Trump converted from an Electoral College hater in 2012 to its biggest fan, when the system helped send him to the White House despite a substantial loss of the popular vote in 2016. Now, some of his staunchest allies are encouraging him to harness the untested ambiguities of the Electoral College to try to upend the results of the election.

One option to do that would be to encourage Republican-led legislatures in Pennsylvania, Michigan, Wisconsin and Georgia to appoint alternative slates of presidential electors and attempt to seat them when the Electoral College formally votes next month.

“Reminder to the Republican state legislatures, you have the final say over the choosing of electors, not any board of elections, secretary of state, governor or even court,” tweeted Mark Levin, a conservative radio and TV host whose show Trump has often touted. Levin’s tweet earned a retweet from the president’s son Donald Trump Jr.

So far, no state-level lawmakers have embraced this push, and in fact, GOP leaders in Pennsylvania have sworn off it in the past. And legal scholars say a recent Supreme Court ruling about electors makes clear they aren’t independent actors and are supposed to carry out the will of the state’s voters.

But as Trump weighs his opens, and if he decides the courts won’t help him, the Electoral College and its many tripwires may be the last of his last-ditch efforts.

By Friday afternoon, even some Trump allies and surrogates were throwing cold water on the notion of alternative elector slates.

“Deeply opposed to idea of asking state legislatures to get involved in replacing electors,” the conservative radio host Hugh Hewitt said.

“Agree,” replied former acting intelligence chief Ric Grenell, who has helped barnstorm the country on Trump’s behalf in the last weeks of the election. “We take our concerns to the courts.”

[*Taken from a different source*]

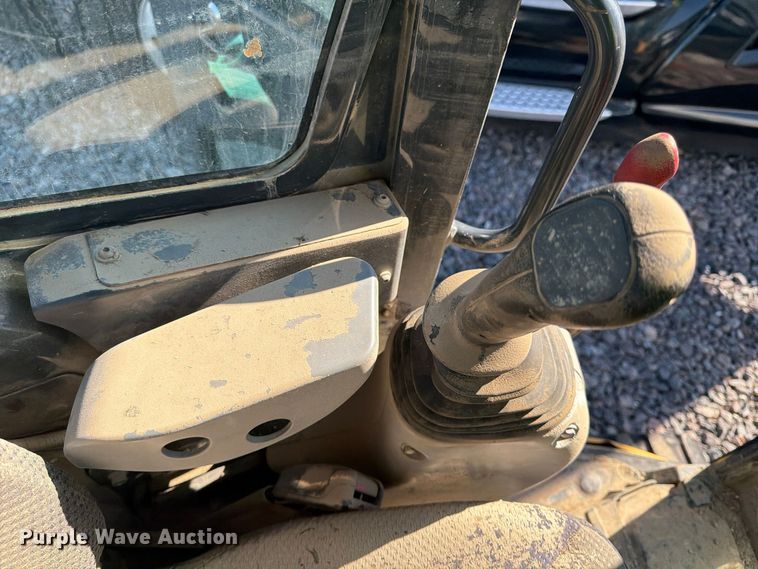 image for item YA5814 2016 John Deere 35G mini excavator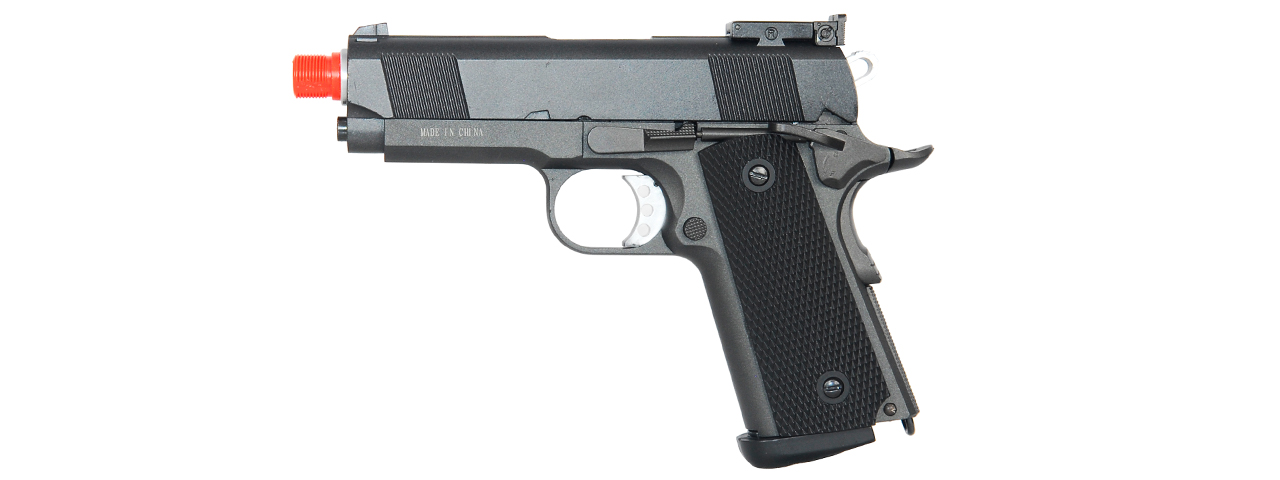 WELLFIRE FULL METAL G193 M1911 CO2 BLOWBACK AIRSOFT PISTOL - Click Image to Close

Attempt to flip Democratic electors

The weeks before and after the 2016 election featured one of the most frenetic efforts in modern history to tip the Electoral College against the Election Day But in the end, only two GOP electors bucked Trump, far short of the three dozen it would have required to block him from the Oval Office.

That effort, though, largely driven by Democrats, was built on the notion that dissension among Republicans might lead them to agree on an acceptable alternative to Trump — like Mitt Romney or John Kasich, they posited.

Any notion of mounting a similar lobbying campaign seems even more far-fetched today than it did in 2016. Biden may be seen skeptically among the Democratic Party’s progressive base, but there appears to be no will within the party to stop his ascension, let alone enough to cause dozens of Democratic electors to throw the country into crisis.

Enlist congressional allies to challenge the certification of Biden electors

Before the Electoral College tally becomes final, the vote must be certified by the newly seated Congress on Jan. 6.

If Republicans manage to hang on to the Senate — a fact that won’t be known until Jan. 5, and possibly later — Trump might be able to recruit allies in both chambers to contest electoral votes from states that he has baselessly accused of committing rampant fraud against him.

All it takes is one lawmaker’s objection each in the House and Senate to contest certain electoral votes. And those challenges are then debated and decided separately by the House and Senate.

The House, still controlled by Democrats, would be certain to reject such challenges. And Senate Republicans have given no indication they would back such an effort. But if such an objection occurred and the branches split along partisan lines, Congress would enter a constitutional gray area.

It’s unclear what happens to disputed electors if Congress deadlocks. But one school of thinking is that the contested electors are simply removed from the count, reducing the number of votes required to win the presidency.

House Democrats challenged the electoral vote count in 2000, with outgoing Vice President Al Gore, who had lost to George W. Bush, presiding over the Senate. But no senators joined the call to launch a formal deliberation. A similar scene played out in 2016, with Biden standing on the House’s rostrum.

“It is over,” Biden said to despondent Democrats.

This time, it would be Vice President Mike Pence fielding any objections that might arise from Republicans, and it remains to be seen whether he would issue a similar pronouncement.